В самой дивизии особого воодушевления не наблюдалось, однако чувства обреченности все-таки, пожалуй, не было. Унгерна ненавидели и боялись, но в его удачу еще продолжали верить. Соотношение сил в расчет никем не принималось. Взятие Урги, когда китайцы были побеждены вдесятеро меньшей по численности армией, показало бессмысленность подобных расчетов. Сама жизнь больше заставляла полагаться, как говорил Унгерн, на «случайность и судьбу». Время крови, дикости, всеобщего озверения было одновременно и эпохой чудес. Казалось, гири, склоняющие чаши весов то на одну, то на другую сторону, как бы не имеют постоянного веса, словно в разное время сила земного притяжения действует на них по-разному. Эта сила — сочувствие населения. Поэтому в считанные дни рушились режимы, казавшиеся незыблемыми, рассеивались и переставали существовать многотысячные армии, горстки фанатиков поднимали мятежи и почему-то побеждали. Причиной успеха победители выставляли правоту собственных идей и насилия побежденных, но вера в чудо не умирала ни в тех, ни в других.

«С несколькими тысячами, — пишет Волков, — из которых едва одна треть русских, остальные же — только что взятые в плен полухунхузы, полусолдаты-китайцы, необученные монгольские всадники, разрозненные шайки грабителей — чахар, харачинов, баргутов, типа шайки знаменитого Баяр-гуна, — объявить войну всей России! Обладая жалкой артиллерией и боевым снаряжением, выступить против великолепно оборудованной в техническом отношении советской армии... Что это? Великий подвиг или безумие?»

Ни то и ни другое, сам же отвечает Волков на свой вопрос. Это — естественное продолжение Гражданской войны в России, воскрешение старых надежд при новом опыте.

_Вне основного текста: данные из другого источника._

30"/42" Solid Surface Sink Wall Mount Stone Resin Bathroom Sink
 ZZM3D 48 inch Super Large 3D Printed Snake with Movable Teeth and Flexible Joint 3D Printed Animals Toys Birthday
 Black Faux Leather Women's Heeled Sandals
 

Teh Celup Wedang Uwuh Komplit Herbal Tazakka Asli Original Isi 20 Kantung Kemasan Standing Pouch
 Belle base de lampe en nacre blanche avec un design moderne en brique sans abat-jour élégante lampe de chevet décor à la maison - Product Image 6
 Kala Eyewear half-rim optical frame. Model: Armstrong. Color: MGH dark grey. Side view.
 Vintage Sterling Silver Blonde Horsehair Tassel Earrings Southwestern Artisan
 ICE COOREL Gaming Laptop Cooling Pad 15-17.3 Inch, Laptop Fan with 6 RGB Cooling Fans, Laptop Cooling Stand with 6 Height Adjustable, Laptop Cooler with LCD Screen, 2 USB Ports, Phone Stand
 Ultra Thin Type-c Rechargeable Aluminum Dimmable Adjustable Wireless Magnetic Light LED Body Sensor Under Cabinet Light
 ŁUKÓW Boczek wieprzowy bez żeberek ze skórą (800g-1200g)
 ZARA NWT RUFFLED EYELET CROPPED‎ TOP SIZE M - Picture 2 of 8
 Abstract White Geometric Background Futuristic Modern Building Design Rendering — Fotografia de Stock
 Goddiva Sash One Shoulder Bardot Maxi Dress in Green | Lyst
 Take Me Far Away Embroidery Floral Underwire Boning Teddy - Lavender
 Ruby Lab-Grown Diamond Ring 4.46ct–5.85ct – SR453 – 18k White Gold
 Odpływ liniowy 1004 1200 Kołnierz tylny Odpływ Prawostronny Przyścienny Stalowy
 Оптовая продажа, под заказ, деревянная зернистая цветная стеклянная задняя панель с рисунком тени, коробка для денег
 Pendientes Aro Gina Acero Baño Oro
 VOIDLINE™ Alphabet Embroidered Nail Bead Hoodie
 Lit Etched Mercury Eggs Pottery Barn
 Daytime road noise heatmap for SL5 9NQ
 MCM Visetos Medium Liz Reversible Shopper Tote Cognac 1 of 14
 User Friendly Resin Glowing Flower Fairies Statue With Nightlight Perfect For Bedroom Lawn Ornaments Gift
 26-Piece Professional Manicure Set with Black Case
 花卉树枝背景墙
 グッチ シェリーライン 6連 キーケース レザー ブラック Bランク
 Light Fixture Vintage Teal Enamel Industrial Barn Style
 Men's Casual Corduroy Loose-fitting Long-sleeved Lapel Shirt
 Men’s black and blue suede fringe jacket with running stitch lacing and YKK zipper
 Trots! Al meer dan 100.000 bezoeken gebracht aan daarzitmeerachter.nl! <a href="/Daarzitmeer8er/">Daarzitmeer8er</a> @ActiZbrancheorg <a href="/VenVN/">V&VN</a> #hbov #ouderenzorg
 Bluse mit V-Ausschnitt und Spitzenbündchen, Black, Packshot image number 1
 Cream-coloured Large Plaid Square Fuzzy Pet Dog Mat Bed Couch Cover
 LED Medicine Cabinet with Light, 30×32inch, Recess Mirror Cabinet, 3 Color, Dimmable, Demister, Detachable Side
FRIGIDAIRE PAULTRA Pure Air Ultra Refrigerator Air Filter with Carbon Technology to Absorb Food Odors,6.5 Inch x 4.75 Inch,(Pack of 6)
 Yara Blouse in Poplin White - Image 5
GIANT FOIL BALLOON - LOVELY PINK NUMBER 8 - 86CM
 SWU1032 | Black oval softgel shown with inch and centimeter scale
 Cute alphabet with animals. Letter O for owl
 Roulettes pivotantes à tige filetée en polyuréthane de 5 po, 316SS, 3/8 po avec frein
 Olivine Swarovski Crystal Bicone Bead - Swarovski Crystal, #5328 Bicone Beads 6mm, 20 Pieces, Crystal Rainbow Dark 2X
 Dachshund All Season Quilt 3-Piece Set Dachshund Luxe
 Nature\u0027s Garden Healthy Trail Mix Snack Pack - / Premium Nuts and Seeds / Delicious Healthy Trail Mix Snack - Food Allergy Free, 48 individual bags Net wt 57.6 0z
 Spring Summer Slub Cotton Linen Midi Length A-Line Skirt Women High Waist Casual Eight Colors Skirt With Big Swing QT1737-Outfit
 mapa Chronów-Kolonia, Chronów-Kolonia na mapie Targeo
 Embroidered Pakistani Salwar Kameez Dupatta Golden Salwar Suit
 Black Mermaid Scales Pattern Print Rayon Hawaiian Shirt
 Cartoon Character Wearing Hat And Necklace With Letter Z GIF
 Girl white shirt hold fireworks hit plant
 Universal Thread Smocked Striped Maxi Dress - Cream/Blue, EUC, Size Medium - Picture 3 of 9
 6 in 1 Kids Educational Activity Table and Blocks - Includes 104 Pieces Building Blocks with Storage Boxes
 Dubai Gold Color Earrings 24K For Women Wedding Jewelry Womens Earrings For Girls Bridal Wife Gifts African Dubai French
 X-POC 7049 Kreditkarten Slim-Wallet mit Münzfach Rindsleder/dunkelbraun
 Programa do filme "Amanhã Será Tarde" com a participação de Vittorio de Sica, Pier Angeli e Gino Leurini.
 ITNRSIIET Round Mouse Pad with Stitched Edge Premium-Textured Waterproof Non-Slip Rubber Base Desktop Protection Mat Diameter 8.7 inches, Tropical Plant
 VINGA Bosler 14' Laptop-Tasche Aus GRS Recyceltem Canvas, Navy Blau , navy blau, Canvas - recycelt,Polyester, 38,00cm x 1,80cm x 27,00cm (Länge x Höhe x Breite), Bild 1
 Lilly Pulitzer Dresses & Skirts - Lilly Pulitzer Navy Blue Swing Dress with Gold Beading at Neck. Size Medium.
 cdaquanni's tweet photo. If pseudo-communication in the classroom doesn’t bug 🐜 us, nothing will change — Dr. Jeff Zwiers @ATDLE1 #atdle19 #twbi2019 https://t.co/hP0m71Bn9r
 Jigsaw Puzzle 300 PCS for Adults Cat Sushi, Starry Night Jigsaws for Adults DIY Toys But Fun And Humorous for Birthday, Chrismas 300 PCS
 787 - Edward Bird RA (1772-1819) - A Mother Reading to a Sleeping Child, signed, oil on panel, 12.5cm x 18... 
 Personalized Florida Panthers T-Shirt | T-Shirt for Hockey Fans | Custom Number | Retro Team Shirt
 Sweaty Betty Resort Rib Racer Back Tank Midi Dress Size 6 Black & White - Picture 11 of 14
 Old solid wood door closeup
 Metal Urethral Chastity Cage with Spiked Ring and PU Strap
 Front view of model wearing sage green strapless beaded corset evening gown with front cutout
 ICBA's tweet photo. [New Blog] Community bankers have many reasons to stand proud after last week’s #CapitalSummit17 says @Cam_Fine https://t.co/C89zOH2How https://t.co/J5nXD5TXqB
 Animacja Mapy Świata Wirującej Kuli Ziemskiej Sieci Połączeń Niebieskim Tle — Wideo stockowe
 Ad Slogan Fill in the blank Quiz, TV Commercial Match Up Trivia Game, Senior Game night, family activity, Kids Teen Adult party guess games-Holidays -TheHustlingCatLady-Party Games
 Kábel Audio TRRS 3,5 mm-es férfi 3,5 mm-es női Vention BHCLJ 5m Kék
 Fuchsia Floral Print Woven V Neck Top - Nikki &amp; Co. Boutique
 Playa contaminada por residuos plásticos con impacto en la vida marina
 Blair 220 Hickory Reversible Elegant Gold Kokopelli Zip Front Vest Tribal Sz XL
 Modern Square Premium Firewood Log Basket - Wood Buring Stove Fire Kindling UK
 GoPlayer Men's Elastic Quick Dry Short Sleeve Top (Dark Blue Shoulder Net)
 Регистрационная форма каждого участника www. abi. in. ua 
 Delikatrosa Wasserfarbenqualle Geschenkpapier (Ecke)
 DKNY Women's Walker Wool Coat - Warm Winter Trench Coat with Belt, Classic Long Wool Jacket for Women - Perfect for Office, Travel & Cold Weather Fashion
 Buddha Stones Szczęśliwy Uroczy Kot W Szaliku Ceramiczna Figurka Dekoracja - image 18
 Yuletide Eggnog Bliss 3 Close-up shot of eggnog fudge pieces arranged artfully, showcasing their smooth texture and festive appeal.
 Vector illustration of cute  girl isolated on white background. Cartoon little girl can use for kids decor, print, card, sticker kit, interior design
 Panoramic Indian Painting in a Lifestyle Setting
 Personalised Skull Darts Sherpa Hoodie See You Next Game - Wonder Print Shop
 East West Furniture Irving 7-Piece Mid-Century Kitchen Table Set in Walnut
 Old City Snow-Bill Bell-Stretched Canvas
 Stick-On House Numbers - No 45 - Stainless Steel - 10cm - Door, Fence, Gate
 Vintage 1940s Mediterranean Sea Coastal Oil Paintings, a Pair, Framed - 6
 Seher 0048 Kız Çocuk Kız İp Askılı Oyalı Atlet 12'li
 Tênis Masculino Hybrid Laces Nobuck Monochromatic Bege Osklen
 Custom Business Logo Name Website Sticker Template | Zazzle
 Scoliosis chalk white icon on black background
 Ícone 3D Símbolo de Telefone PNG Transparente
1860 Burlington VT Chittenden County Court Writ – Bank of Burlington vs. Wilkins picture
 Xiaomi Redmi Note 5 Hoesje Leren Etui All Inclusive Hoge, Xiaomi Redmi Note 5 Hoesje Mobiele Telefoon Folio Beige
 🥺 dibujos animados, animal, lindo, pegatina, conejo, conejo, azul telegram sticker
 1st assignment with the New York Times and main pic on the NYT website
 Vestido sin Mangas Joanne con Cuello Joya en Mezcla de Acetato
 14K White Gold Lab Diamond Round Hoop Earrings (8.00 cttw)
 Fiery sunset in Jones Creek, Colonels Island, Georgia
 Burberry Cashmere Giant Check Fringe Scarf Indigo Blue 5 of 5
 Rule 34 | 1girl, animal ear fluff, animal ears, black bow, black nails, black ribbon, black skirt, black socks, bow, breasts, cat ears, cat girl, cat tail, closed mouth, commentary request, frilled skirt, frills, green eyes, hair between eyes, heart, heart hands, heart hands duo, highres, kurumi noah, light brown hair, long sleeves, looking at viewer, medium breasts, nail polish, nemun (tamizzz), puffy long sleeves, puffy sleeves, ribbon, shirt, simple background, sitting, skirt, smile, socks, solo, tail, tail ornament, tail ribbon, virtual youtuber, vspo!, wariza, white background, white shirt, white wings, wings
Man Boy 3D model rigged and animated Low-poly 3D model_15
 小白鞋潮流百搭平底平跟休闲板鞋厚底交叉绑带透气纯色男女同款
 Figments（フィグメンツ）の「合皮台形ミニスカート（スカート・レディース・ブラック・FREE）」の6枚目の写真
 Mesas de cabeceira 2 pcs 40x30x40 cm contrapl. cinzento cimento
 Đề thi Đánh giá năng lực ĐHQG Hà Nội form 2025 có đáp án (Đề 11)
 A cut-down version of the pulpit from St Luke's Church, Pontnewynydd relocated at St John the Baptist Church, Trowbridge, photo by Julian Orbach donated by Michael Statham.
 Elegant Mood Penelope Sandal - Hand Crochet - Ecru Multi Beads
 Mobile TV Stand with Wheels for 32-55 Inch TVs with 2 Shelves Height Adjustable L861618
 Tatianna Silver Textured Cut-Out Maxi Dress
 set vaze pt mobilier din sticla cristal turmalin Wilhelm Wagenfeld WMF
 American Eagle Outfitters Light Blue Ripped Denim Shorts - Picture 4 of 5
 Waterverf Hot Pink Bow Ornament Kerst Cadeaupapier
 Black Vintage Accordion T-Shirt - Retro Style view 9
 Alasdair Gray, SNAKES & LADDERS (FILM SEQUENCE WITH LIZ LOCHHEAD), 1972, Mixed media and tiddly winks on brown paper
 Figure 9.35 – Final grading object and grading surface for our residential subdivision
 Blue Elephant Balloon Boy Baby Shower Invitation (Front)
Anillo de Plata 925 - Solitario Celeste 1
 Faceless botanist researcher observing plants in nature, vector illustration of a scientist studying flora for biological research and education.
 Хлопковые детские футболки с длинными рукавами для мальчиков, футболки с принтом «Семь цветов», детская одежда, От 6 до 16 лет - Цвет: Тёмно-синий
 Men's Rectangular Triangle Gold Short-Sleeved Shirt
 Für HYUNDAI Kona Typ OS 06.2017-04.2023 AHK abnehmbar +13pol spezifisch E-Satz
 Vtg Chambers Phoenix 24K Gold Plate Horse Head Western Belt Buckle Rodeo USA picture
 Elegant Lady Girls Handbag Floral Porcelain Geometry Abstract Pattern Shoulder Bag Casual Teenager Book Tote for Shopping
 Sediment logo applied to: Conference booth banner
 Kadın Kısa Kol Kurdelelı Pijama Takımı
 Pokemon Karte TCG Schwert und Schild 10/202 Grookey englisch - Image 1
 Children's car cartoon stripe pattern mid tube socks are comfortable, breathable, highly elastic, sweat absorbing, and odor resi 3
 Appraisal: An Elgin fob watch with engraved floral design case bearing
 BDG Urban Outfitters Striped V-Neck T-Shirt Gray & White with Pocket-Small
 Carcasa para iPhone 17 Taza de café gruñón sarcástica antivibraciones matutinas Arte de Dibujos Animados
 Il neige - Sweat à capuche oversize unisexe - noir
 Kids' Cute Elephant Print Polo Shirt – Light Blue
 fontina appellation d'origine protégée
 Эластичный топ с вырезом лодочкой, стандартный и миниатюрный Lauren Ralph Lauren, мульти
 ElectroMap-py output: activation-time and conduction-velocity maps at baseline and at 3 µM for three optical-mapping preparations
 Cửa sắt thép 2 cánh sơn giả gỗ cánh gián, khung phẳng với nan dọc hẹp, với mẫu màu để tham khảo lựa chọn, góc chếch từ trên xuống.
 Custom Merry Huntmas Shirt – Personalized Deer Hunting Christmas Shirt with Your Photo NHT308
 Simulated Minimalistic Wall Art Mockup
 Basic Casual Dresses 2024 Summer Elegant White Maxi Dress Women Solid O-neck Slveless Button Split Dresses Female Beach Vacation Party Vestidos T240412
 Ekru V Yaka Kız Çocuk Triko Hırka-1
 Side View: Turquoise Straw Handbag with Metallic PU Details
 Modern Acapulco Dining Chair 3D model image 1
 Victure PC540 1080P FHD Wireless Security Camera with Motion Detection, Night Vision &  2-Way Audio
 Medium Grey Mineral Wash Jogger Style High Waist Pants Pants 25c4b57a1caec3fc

Да, ставка сделана была на ту же иррациональную, как Божий промысел, народную стихию, но при полном непонимании того, что времена изменились, что Азиатская дивизия идет в иную страну, нежели та, которую она покинула полгода назад. Отныне там нет места чудесам, народ безмолвствует, и каждая гиря на весах истории весит ровно столько, сколько на ней написано.


89 Относительно того, насколько Унгерн владел монгольским языком, существовали»разные мнения. Одни утверждали, что он говорил на нем чуть ли не свободно, другие — что едва мог прочесть вслух молитву «Ом мани падме хум». Надо думать, истина лежит где-то посередине.
90 В машинописи — «по рекам», но это, скорее всего, ошибка, возникшая при перепечатке рукописного текста протокола. Возможно, впрочем, и другое прочтение — «по расам».